**Problem description:** Pictures in the records below are skipped; the rest is copied exactly.
[Data listing]
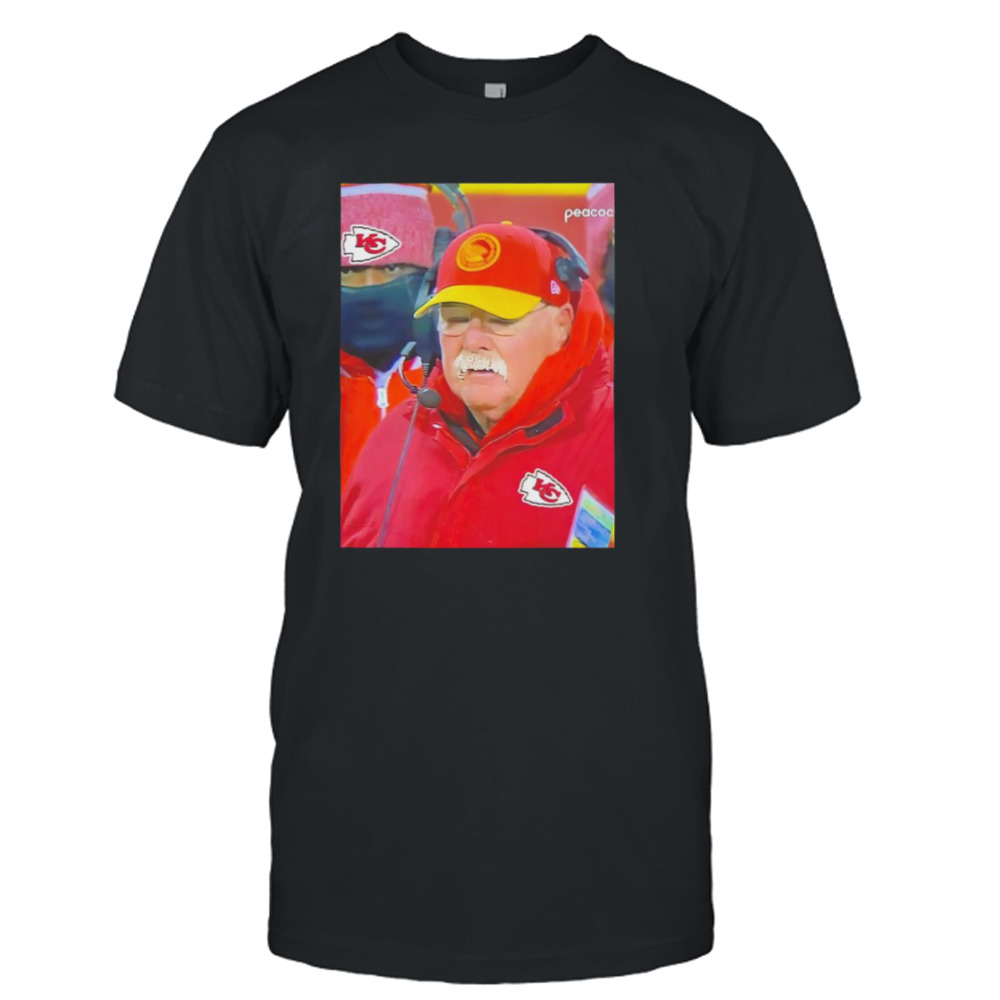 Andy Reid’s Frozen Stache shirt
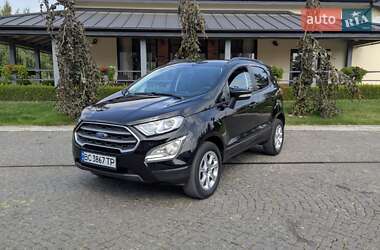 Позашляховик / Кросовер Ford EcoSport 2018 в 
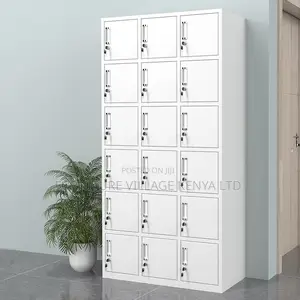 Office Cabinet; 15-compartment Office Storage Cabinet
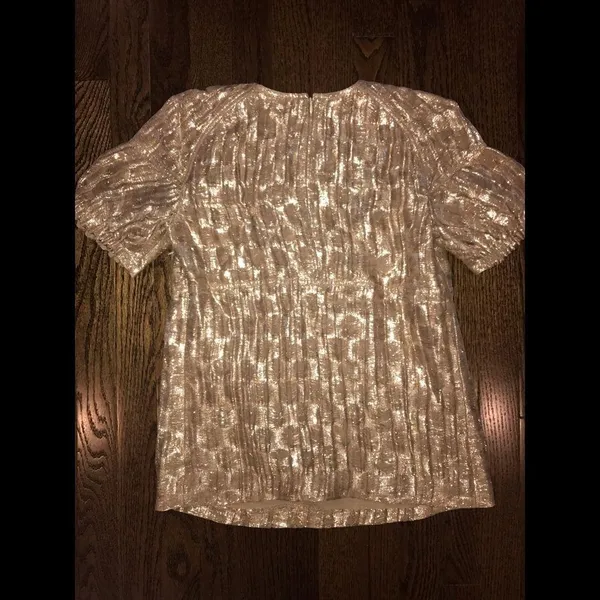 Burberry Shirt, Gold, Size 40 - Image 4
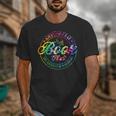 Anti Social Book Club Go Away I'm Reading Book Tie Dye Unisex T-Shirt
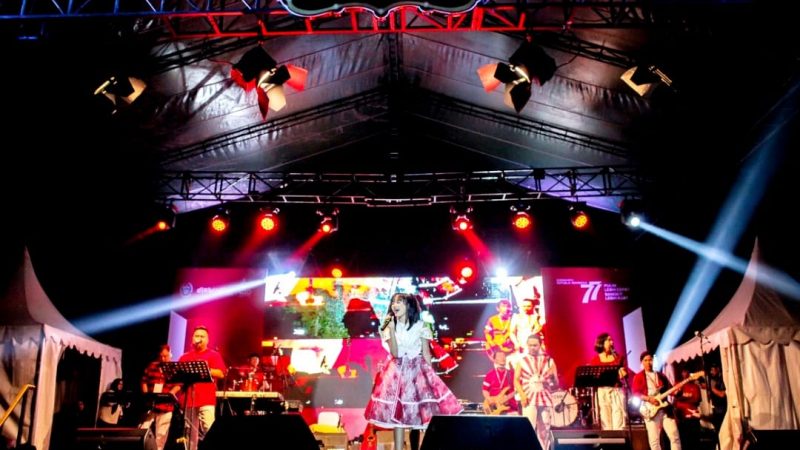 Nikita Mawarni Bawakan Lagu Menyambut Bahagia, Pukau Pengunjung Gebyar Pesta Rakyat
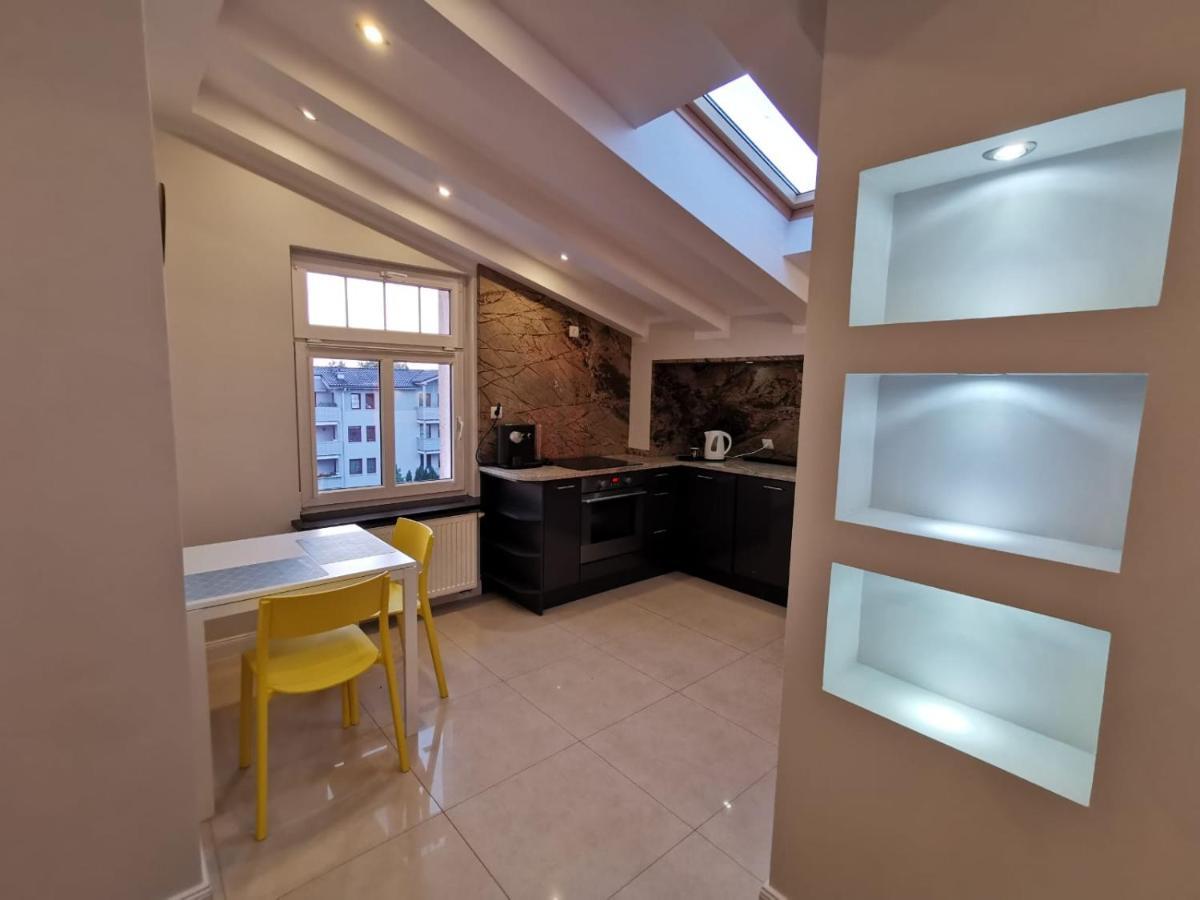 Sopot Przy Plazy Apartman Kültér fotó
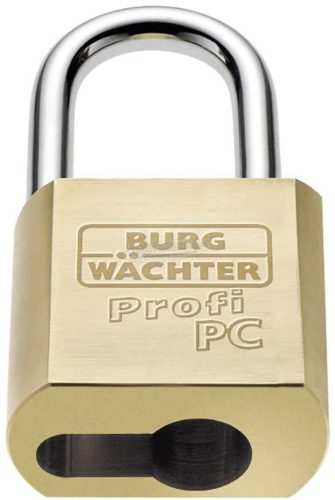 BURG WÄCHTER Függő lakat Sárgaréz Profilhengeres lakat 116 PC 50 Niro
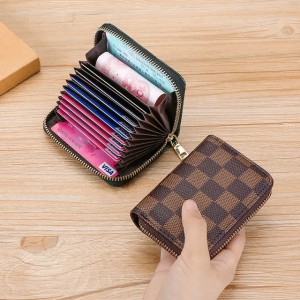 Designer Wallet Holder For Women's Multi-card Slot Holde Designer Bag Luxury Bag Multi-functional Casual Coin Purse Card Holder Buckle Coin Purse Zipper Clip Bag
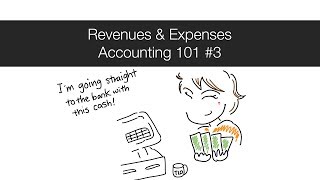 Revenues amp Expenses  Accounting 101 3 [upl. by Wilfred]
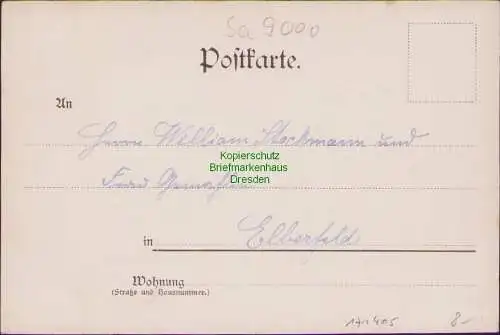 171405 AK Chemnitz 1902 Staatslehranstalt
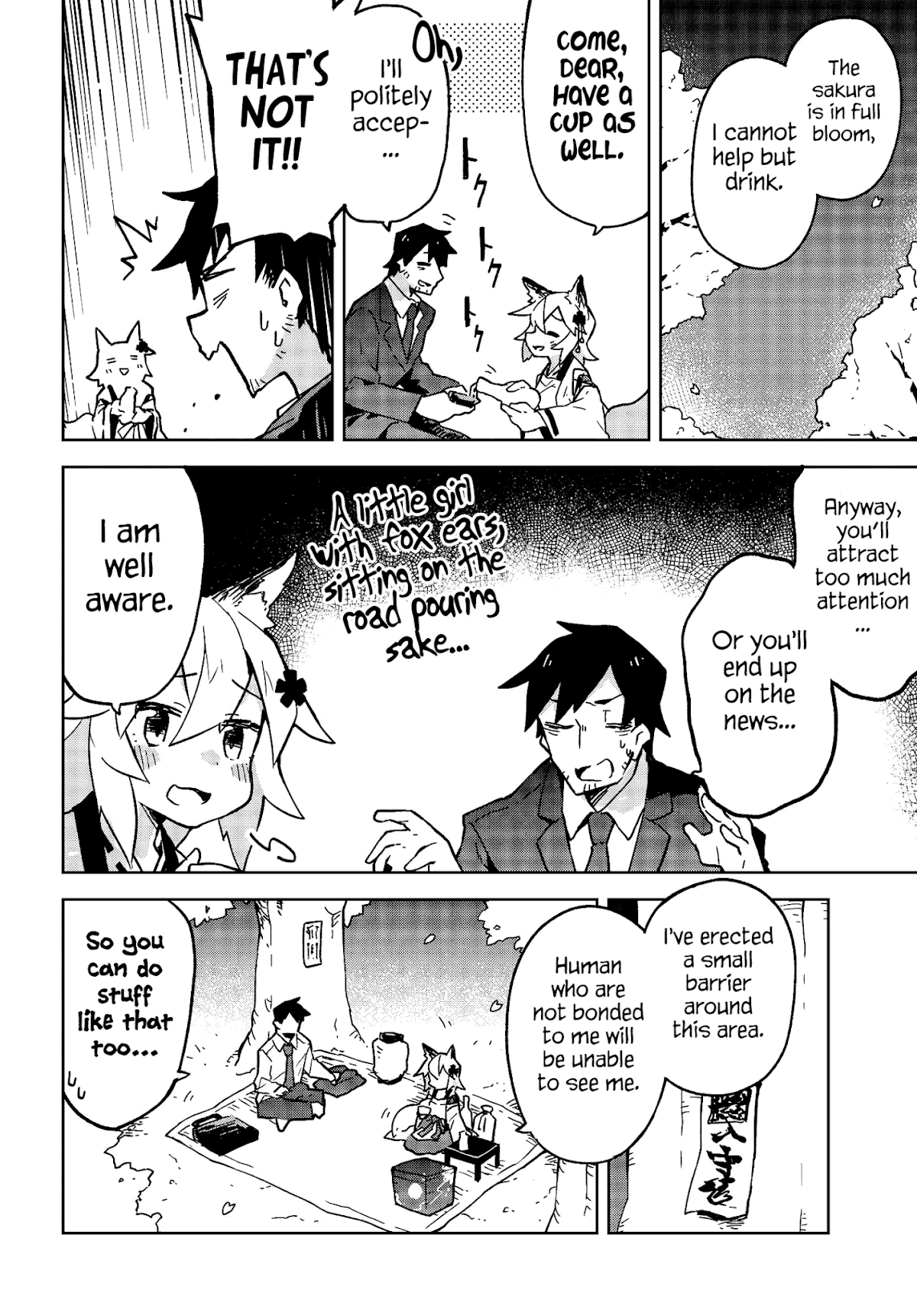 Sewayaki Kitsune no Senko-san Chapter 12 page 4 - Chapter 12: Twelfth Tail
[/Data listing]
**Exercise answer:**
 Andy Reid’s Frozen Stache shirt
 Позашляховик / Кросовер Ford EcoSport 2018 в 
 Office Cabinet; 15-compartment Office Storage Cabinet
 Burberry Shirt, Gold, Size 40 - Image 4
 Anti Social Book Club Go Away I'm Reading Book Tie Dye Unisex T-Shirt
 Nikita Mawarni Bawakan Lagu Menyambut Bahagia, Pukau Pengunjung Gebyar Pesta Rakyat
 Sopot Przy Plazy Apartman Kültér fotó
 BURG WÄCHTER Függő lakat Sárgaréz Profilhengeres lakat 116 PC 50 Niro
 Designer Wallet Holder For Women's Multi-card Slot Holde Designer Bag Luxury Bag Multi-functional Casual Coin Purse Card Holder Buckle Coin Purse Zipper Clip Bag
 Revenues amp Expenses  Accounting 101 3 [upl. by Wilfred]
 171405 AK Chemnitz 1902 Staatslehranstalt
 Sewayaki Kitsune no Senko-san Chapter 12 page 4 - Chapter 12: Twelfth Tail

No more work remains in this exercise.